Qui dit transactions différées dit hausse des prix, et donc nouveaux investisseurs en vue. Ces billets à effet passent de mains en mains: ils changent de propriétaire jusqu’à 10 fois dans la même journée! Tous les ingrédients sont réunis pour une bulle spéculative. C’est le début d’un "windhandel", ou commerce du vent, tel que décrit par les contemporains.

Un bulbe pouvait valoir… deux maisons

Mais le vent commence à tourner. En 1636, un projet de loi change la donne et modifie les cours sur les marchés. Les contrats n'incluent désormais plus une obligation d'achat mais ne sont que des options. Résultat, les spéculateurs se ruent en masse sur le marché. Mêmes les tulipes dites "normales" s’achètent à des prix indécents.

La bulle spéculative éclate. Au sommet de la bulle spéculative, un bulbe de la variété très prisée Semper Augustus se vendait ainsi jusqu'à 10.000 florins, soit l’équivalent à cette époque de deux maisons à Amsterdam. Il est donc courant, pour les plus riches, de placer son argent dans des tulipes plutôt que dans des tableaux de peintres renommés.

D’après les historiens, la peste noire serait à l’origine du crash. Lors d’une vente aux enchères, anticipée comme un autre succès, les enchérisseurs habituels désertent la place, faute de pouvoir honorer leurs contrats. C'est la fin de la folie spéculative.

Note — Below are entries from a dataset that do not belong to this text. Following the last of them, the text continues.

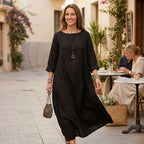 Sommerkleid für Damen in A-Linie aus Leinen für den Strand 6
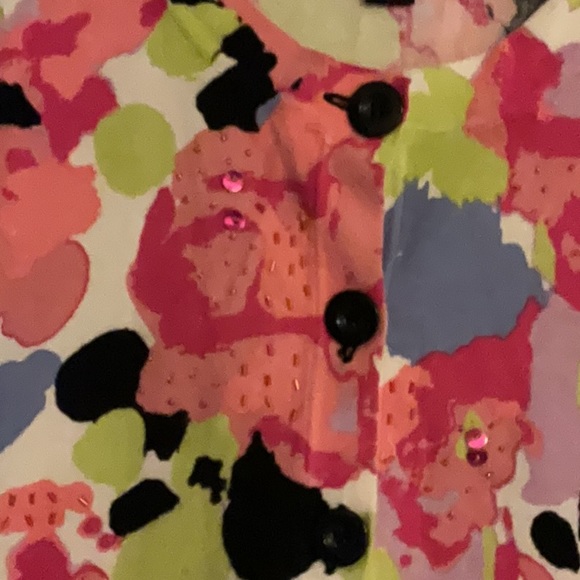 Flowered 3/4 sleeve sweater - Picture 2 of 5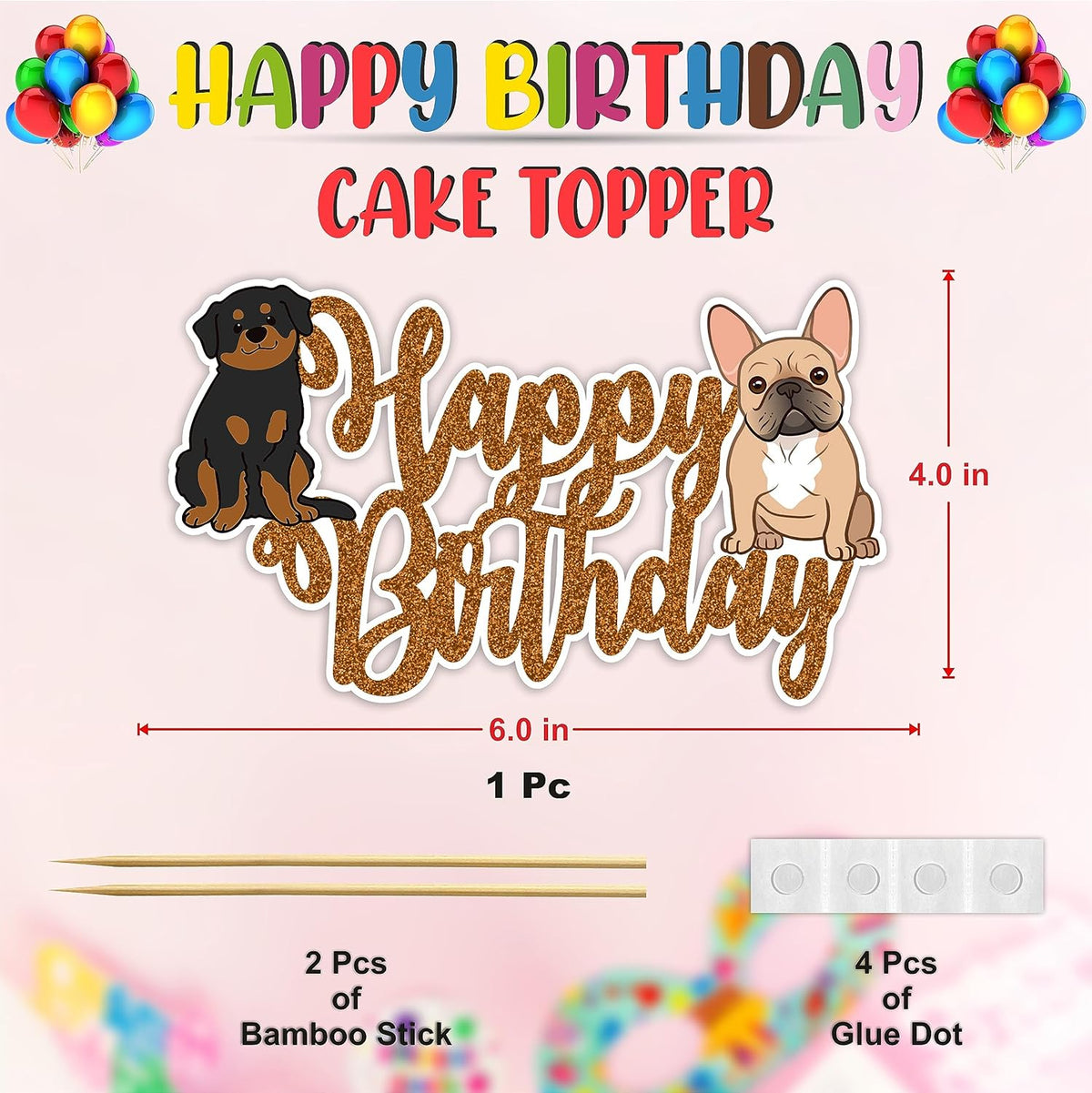Seyal® Pupy Dog Happy Birthday cake topper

Sans organisation et régulation, le marché a engendré des transactions sans garanties. Résultat? L'annulation massive des contrats a plongé plusieurs individus malchanceux dans la faillite. Ce qui n'a pas détourné pour autant les Hollandais de la tulipe: les Pays-Bas sont aujourd'hui le premier producteur au monde de cette fleur, avec deux milliards d'unités qui sortent des champs bataves chaque année.